75歳以上の高齢者において、75歳前に大腸内視鏡検査で腺腫が認められた人は腺腫が認められなかった人と比べ、その後10年間の大腸がん発症および大腸がん死の発生率は高かったものの、その累積リスクは大腸がん以外の要因による死亡リスクよりはるかに低かった。米国・カリフォルニア大学サンディエゴ校のSamir Gupta氏らが、同国の退役軍人を対象とした後ろ向きコホート研究の結果で報告した。これまで、腺腫が認められた高齢者の大腸がんのリスクは不明であった。著者は、「高齢者では、他の健康上の懸念事項を優先し、経過観察のための大腸内視鏡検査の優先順位を下げることを検討してよいだろう」とまとめている。JAMA誌オンライン版2026年4月9日号掲載の報告。
65~74歳の大腸内視鏡検査の腺腫有無で、75歳以降の大腸がん発症や死亡リスクを比較
研究グループは、2006年1月1日~2019年12月31日に米国退役軍人省において大腸内視鏡検査を受けた退役軍人を対象に、電子カルテを用いて後ろ向きコホート研究を行った。
解析対象は、65~74歳で大腸内視鏡検査を受けたことのある75歳以上の高齢者であった。追跡調査は、対象者の75歳の誕生日から開始し、大腸がんの新規発症、死亡または2019年12月31日のいずれか早い時点まで継続した。75歳になる前に大腸がんまたは炎症性腸疾患と診断された人、腺腫を伴わない鋸歯状病変の既往者などは除外した。

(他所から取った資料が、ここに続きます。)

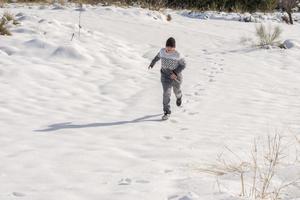 jovem se divertindo correndo na neve grande foto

主要アウトカムは、大腸がん発症、大腸がん死、非大腸がん死、全死因死亡の推定累積発生率で、75歳になる前の直近の大腸内視鏡検査において1つ以上の腺腫が認められた高齢者と認められなかった高齢者で比較した。
大腸がん発症および大腸がん死の発生率の比較にはGray検定を用いた。また、腺腫が認められた高齢者における大腸がんおよび非大腸がん死の発生率は、全死因死亡リスクが増加する5つの退役軍人省フレイル指数カテゴリー(非フレイル0.10以下、プレフレイル0.11~0.20、軽度フレイル0.21~0.30、中等度フレイル0.31~0.40、重度フレイル0.40超)に基づいて層別化した。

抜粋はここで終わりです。